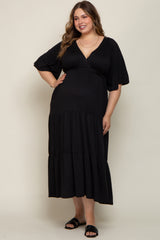woman wearing a black maternity plus maxi dress with a v-neckline and flutter sleeves, styled with flat sandals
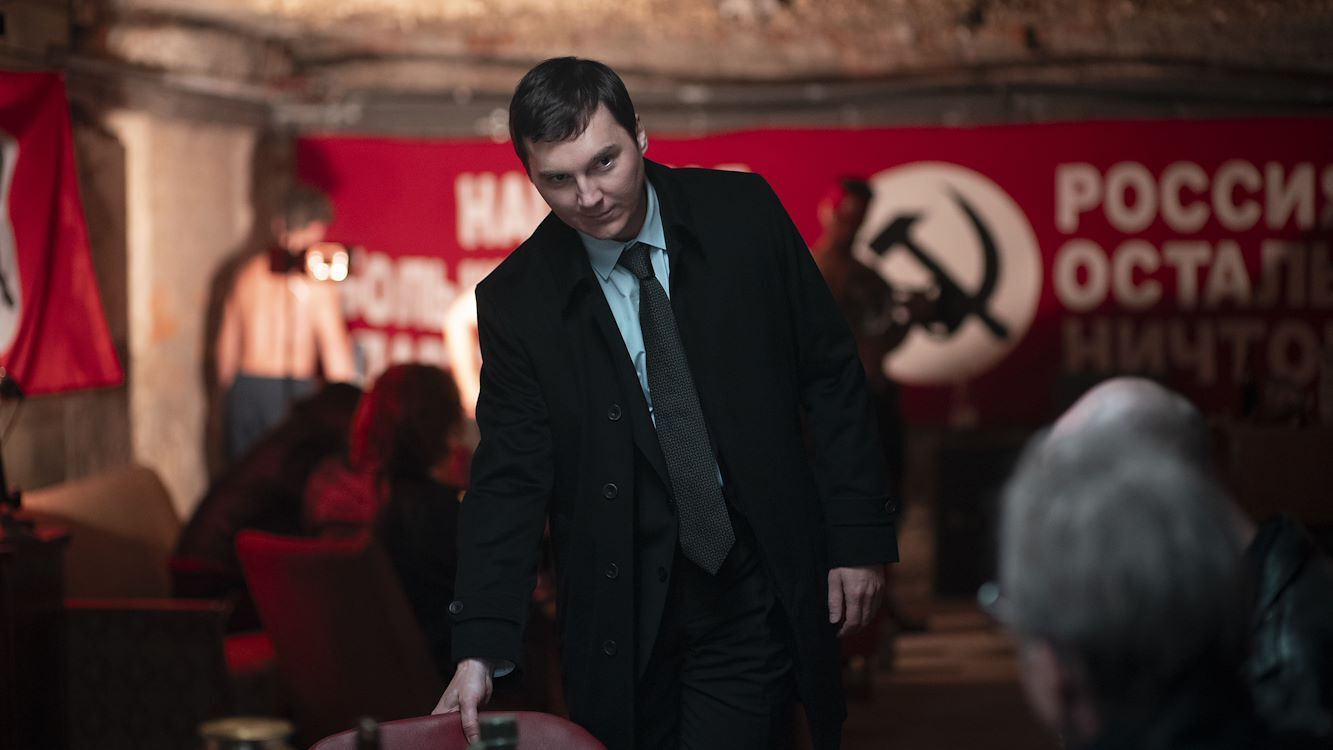 Een man in een zwart jasje staat in een ruimte met rode communistische symbolen op de achtergrond.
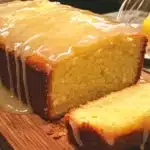 Sliced iced lemon pound cake showcasing a moist texture and lemon glaze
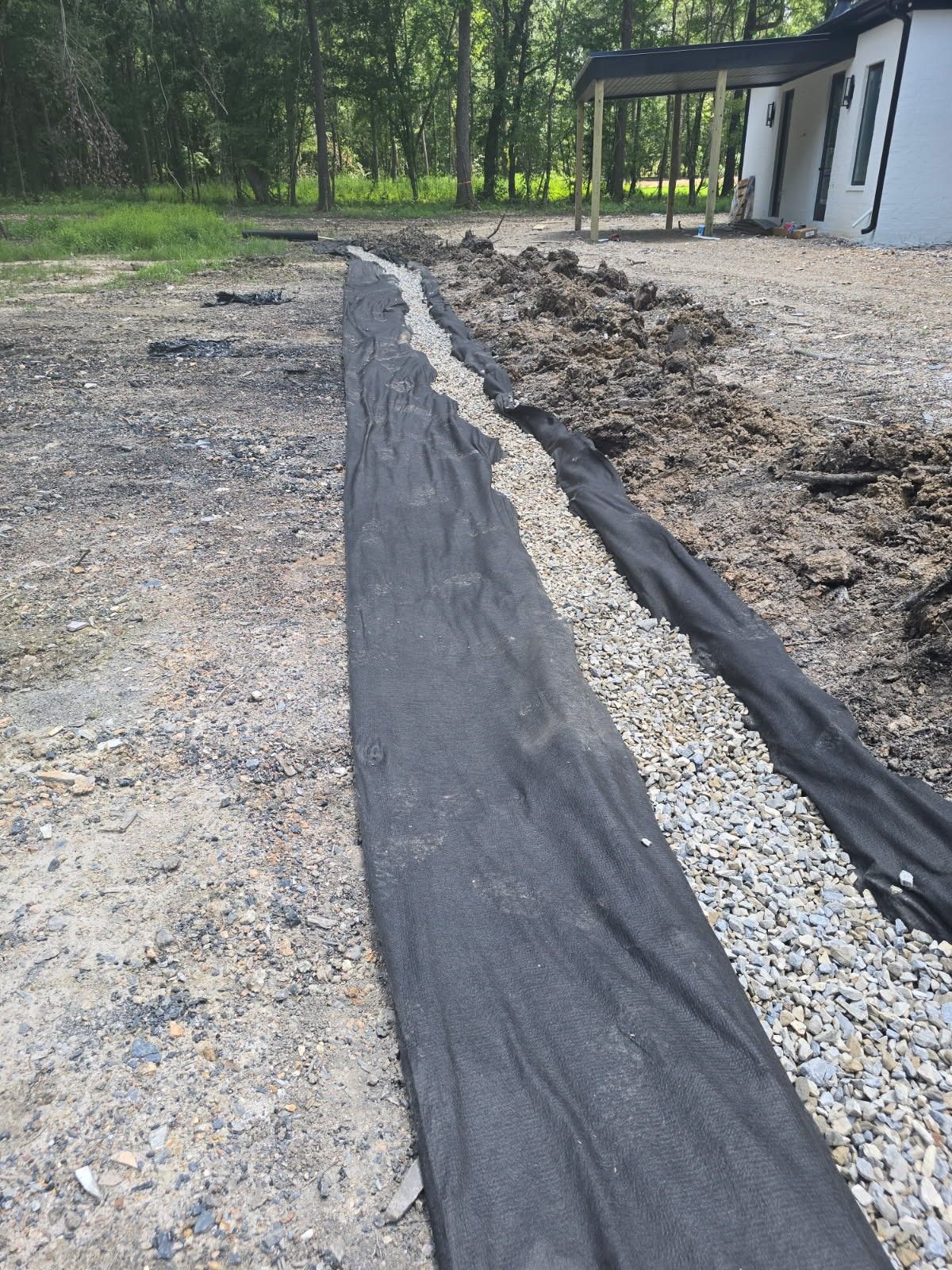A black fabric-lined trench with gravel and dirt, next to a gravel driveway and a house with a porch in a wooded setting.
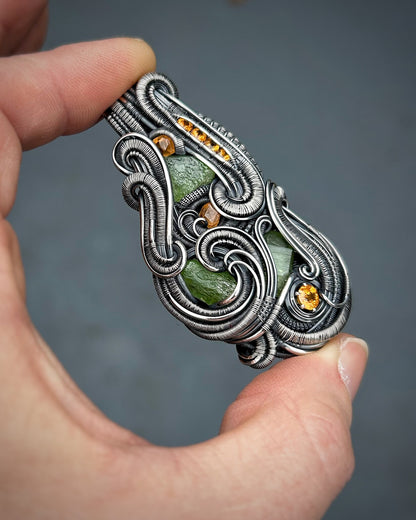 Jungle vibes // peridot // garnets // oxidized silver // festival jewelry // handmade wire art // wire wrap // pendant // flow // sexy wrap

## Work instructions
Please give the data again unaltered, leaving out any images.

## Exercise solution
woman wearing a black maternity plus maxi dress with a v-neckline and flutter sleeves, styled with flat sandals
 Een man in een zwart jasje staat in een ruimte met rode communistische symbolen op de achtergrond.
 Sliced iced lemon pound cake showcasing a moist texture and lemon glaze
A black fabric-lined trench with gravel and dirt, next to a gravel driveway and a house with a porch in a wooded setting.
 Jungle vibes // peridot // garnets // oxidized silver // festival jewelry // handmade wire art // wire wrap // pendant // flow // sexy wrap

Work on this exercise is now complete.